Below are the entries; return exactly the line with "Image 1 of Milchglasfolie" and every later line, without anything else.

(Entries taken from a collection)
---+---
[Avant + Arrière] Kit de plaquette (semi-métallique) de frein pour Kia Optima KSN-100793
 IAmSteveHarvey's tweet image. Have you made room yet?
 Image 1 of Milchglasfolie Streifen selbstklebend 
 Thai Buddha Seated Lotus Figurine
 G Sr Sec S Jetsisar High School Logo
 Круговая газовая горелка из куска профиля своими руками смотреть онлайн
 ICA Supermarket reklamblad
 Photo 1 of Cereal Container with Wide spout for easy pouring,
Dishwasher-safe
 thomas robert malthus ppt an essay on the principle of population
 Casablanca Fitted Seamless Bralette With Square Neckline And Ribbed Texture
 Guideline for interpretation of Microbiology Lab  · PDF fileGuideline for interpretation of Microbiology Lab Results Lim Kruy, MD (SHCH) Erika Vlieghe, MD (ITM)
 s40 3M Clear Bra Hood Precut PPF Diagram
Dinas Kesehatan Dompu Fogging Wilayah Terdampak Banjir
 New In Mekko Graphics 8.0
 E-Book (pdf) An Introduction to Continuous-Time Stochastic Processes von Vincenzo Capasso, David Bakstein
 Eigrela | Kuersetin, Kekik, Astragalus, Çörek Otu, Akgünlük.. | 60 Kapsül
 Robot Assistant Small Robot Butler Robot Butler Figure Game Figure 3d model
---+---
TASK OUTPUT:
 Image 1 of Milchglasfolie Streifen selbstklebend 
 Thai Buddha Seated Lotus Figurine
 G Sr Sec S Jetsisar High School Logo
 Круговая газовая горелка из куска профиля своими руками смотреть онлайн
 ICA Supermarket reklamblad
 Photo 1 of Cereal Container with Wide spout for easy pouring,
Dishwasher-safe
 thomas robert malthus ppt an essay on the principle of population
 Casablanca Fitted Seamless Bralette With Square Neckline And Ribbed Texture
 Guideline for interpretation of Microbiology Lab  · PDF fileGuideline for interpretation of Microbiology Lab Results Lim Kruy, MD (SHCH) Erika Vlieghe, MD (ITM)
 s40 3M Clear Bra Hood Precut PPF Diagram
Dinas Kesehatan Dompu Fogging Wilayah Terdampak Banjir
 New In Mekko Graphics 8.0
 E-Book (pdf) An Introduction to Continuous-Time Stochastic Processes von Vincenzo Capasso, David Bakstein
 Eigrela | Kuersetin, Kekik, Astragalus, Çörek Otu, Akgünlük.. | 60 Kapsül
 Robot Assistant Small Robot Butler Robot Butler Figure Game Figure 3d model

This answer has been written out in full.